Lee Rosie, 37, struck seven years apart, at homes in Kelty and an unnamed village outside Dunfermline, indecently assaulting his first victim before going on to rape a second woman.

Judge Robert Weir QC told him, at the High Court in Edinburgh: "The offences of which you have been convicted are plainly very serious."

He added: "You maintain the position which you adopted at trial, which is to deny your responsibility for committing them."

But the judge added that the jury believed both women when they described penetrative sexual activity occurring in similar circumstances.

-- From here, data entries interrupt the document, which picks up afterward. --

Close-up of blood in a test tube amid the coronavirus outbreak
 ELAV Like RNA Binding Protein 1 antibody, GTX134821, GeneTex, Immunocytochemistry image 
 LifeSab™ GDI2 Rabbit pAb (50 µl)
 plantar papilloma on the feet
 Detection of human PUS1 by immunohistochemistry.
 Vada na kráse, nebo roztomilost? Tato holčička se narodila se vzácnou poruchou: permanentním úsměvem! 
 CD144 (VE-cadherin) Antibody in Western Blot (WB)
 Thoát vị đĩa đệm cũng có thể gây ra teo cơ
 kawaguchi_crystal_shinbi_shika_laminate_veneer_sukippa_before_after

He said the offending involved taking advantage of the women for his own sexual gratification.

The judge said he noted from a background report prepared on Rosie that he had completed a period of service in the armed forces before going on to obtain a degree.

But he told the sex offender: "In all the circumstances a custodial sentence is inevitable."

Rosie, also known as Leigh Rosie, was placed on the sex offenders' register for an indefinite period.

He was earlier found guilty of indecently assaulting his first victim, aged 30, at a house in Kelty on an occasion between August and November 2010 when she was asleep and under the influence of alcohol.

He was also convicted of assaulting and raping the second woman, aged 27, at an address at a village outside Dunfermline on August 12 in 2017.

She was also asleep and under the influence of drink and was unable to give or withhold consent.

Rosie, formerly of Junction Road, Kirkcaldy, had denied the offences during his earlier trial.

Defence counsel, Drew McKenzie, said that in each case there was no injury and it appeared the incidents were relatively brief.

He told the Court that although his client has previous convictions he has not previously served a jail sentence.

He said that on leaving school Rosie enlisted in the Army and subsequently held various jobs as well as studying for an academic qualification.

Mr McKenzie told the Court: "He strikes me as an intelligent person."